The primary differences between Sun's new generation of Enterprise X500 servers and the existing Enterprise X000 server family are summarized below. This section is intended as a quick summary for those readers already familiar with the Enterprise X000 architecture. More detailed information is included in the following chapters.

• All Enterprise X500 platforms

All Enterprise X500 servers include an enhanced Gigaplane<sup>™</sup> system interconnect that is able to run at a rate of up to 100 MHz (90 MHz in the Enterprise 6500), providing better support for faster processors. At introduction, both 250 MHz and 336 MHz UltraSPARC processors can be ordered with the system. The clock board, CPU/memory board, and all I/O boards are enhanced to support the faster Gigaplane. In addition, the graphics I/O board has been revised to provide support for 100 MB/sec Fibre Channel Arbitrated Loop (FC-AL) disk subsystems. These servers also include a faster 32X CD-ROM drive.

Software enhancements provide increased availability and serviceability. New to the Enterprise X000 and X500 server families are CPU power control, dynamic reconfiguration, and alternate pathing. • Sun Enterprise 3500

The new Sun Enterprise 3500 servers contain one more system slot than the Enterprise 3000, supporting more CPU/memory or I/O expandability. All Enterprise 3500 servers also include internal disk bays for 8 FC-AL disk drives with dual port connections, providing higher throughput and increased redundancy.

• Sun Enterprise 5500

The Enterprise 5500 servers are packaged in a taller system cabinet than the Enterprise 5000. This new 68-inch cabinet provides 12 additional inches (approximately 31 cm) of space for storage devices. The vertical SCSI tray for tape drives has also been enhanced to support new tape options.

• Sun Enterprise 6500

Like the Enterprise 5500, the Enterprise 6500 is packaged in the taller 68-inch system cabinet with a new vertical SCSI tape tray. The Enterprise 6500 also includes the revised Gigaplane system interconnect. However, because of the physical length of the Gigaplane system bus in the Enterprise 6500, it will have a maximum speed of 90 MHz. Furthermore, when running at 90 MHz, Enterprise 6500 systems can utilize only 12 of the 16 total system slots. Disk boards, however, are not included in the 12 slot limitation because they do not connect logically to the Gigaplane.

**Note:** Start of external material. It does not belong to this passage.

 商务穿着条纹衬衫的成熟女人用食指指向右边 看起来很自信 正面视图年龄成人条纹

To ensure maximum configuration flexibility customers can choose whether to use all 16 slots and run at up to 84 MHz, or use 12 slots (excluding disk boards) with higher Gigaplane throughput and lower latency in the system bus.

## System Architecture

### Three Packages, One Design

All members of the Enterprise X000 and X500 families share one basic physical design. Processors and memory are configured on circuit boards similar to those found in the previous generation systems, while a variety of I/O facilities are offered on separate I/O boards. CPU/memory boards and all I/O boards have the same form factor and share a common system bus interface, permitting any centerplane slot to be used for any function.

One of the goals of the design team was to provide larger configurations in less physical space than previous systems. Previous systems configured processor, memory, and I/O Boards on one side of a traditional backplane, but configuring as many as sixteen boards on a traditional backplane proved to be a packaging problem.

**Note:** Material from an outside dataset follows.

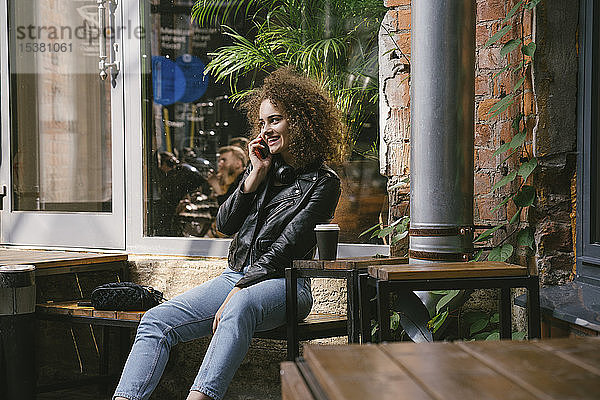 Glückliches Teenagermädchen am Telefon sitzt in einem Café im Freien mit Kaffee zum Mitnehmen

Enterprise 4X00, 5X00 and 6X00 systems solve this problem by moving the backplane into the physical center of the card cage and configuring boards on both sides. The centerplane configuration results in a physically shorter bus distance for a given configuration, greatly improving packaging density and permitting the bus to be run at higher speeds. The largest members of the families, the Enterprise 6000 and 6500 systems, offer sixteen centerplane slots, eight facing the front of the system and eight facing the rear. The Enterprise 4X00 and 5X00 offer eight centerplane slots, four facing the front of the system and four facing the rear.

The smallest member of the Enterprise X500 family, the Enterprise 3500, is not subject to the same physical limitations as its larger siblings. Because it has only five slots, there is little reason for a centerplane arrangement. Intended as a deskside system, Enterprise 3500 uses a traditional backplane configuration with all five boards plugged into the one side of the bus.

#### Expansion by Replication

The Enterprise X500 architecture features separate CPU/memory boards and I/O boards. CPU/memory boards contain zero, one, or two processors and as much as 2 GB of memory. Three types of I/O boards — SBus, Graphics, and PCI — are available, providing a wide range of I/O connectivity options.

A minimum system consists of a clock board, a CPU/memory board and an I/O board. The system is expanded by adding CPU/memory boards and/or I/O boards populating functional units until the required capacity is achieved. Almost any combination of boards is allowed, as long as the required minimum of one CPU/memory board and one I/O board is met. One I/O board must be inserted into slot 1 to provide the SCSI connection to the CD-ROM drive and the optional internal tape drive.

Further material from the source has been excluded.